A system has one each of two different types of components in joint operation. Let X and Y denote the random lengths of the lives, in hundreds of hours, for components of type I and type II, respectively. The joint density function is:________

Answer 1

Answer:

The value of E(Y/X) is 2.

Step-by-step explanation:

As the complete question is not given, thus the complete question is found online and is attached herewith.

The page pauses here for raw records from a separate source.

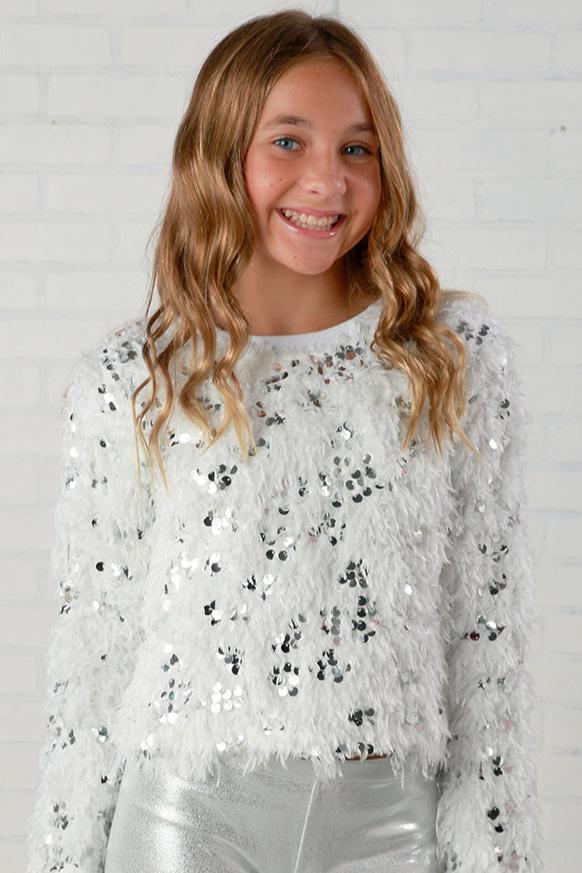 MIA New York White/Silver Sequin Sweater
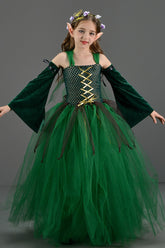 Green Elf Dress Kid Halloween Costume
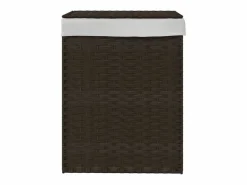 Hot Cesta para ropa con tapa de resina tejida marrón oscuro Marru00f3n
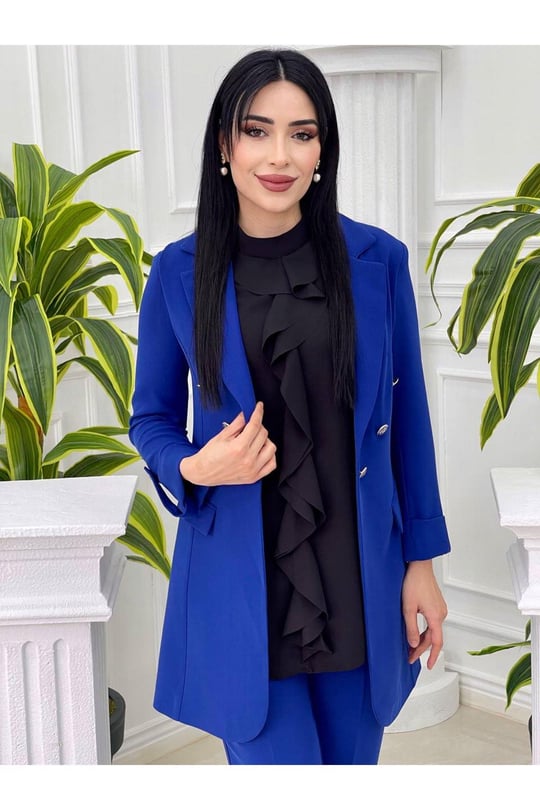 Volan Gömlek Ceketli Takım 7015-Saks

So the joint density function is given as

$f(x,y)=\left \{ {{\dfrac{x}{8}e^{-\dfrac{x+y}{2}} \,\,\,\,0 \leq x,0\leq y \atop {0}} \right.$

So the marginal function for X is given as

$f_x=\int\limits^{\infty}_0 {f(x,y)} \, dy\\f_x=\int\limits^{\infty}_0 \dfrac{x}{8}e^{-\frac{x+y}{2} }dy\\f_x=\int\limits^{\infty}_0 \dfrac{x}{8}e^{-\frac{x}{2}}e^{-\frac{y}{2} }dy\\f_x= \dfrac{x}{8}e^{-\frac{x}{2}}\int\limits^{\infty}_0e^{-\frac{y}{2} }dy\\f_x= \dfrac{x}{4}e^{-\frac{x}{2}}$

Now

$f(Y/X)=\dfrac{f(X,Y)}{f(X)}\\f(Y/X)=\dfrac{\dfrac{x}{8}e^{-\frac{x+y}{2} }}{\dfrac{x}{4}e^{-\frac{x}{2}}}\\f(Y/X)=\dfrac{1}{2}e^{-\frac{y}{2} }$

Now the value of E(Y/X) is given as

$E(Y/X)=\int\limits^{\infty}_0 {yf_{Y/X}} \, dy \\E(Y/X)=\int\limits^{\infty}_0 {y\dfrac{1}{2}e^{-\frac{y}{2} } }\, dy\\E(Y/X)=\dfrac{1}{2}\dfrac{\sqrt{2}}{(\dfrac{1}{2})^2}=2$

So the value of E(Y/X) is 2.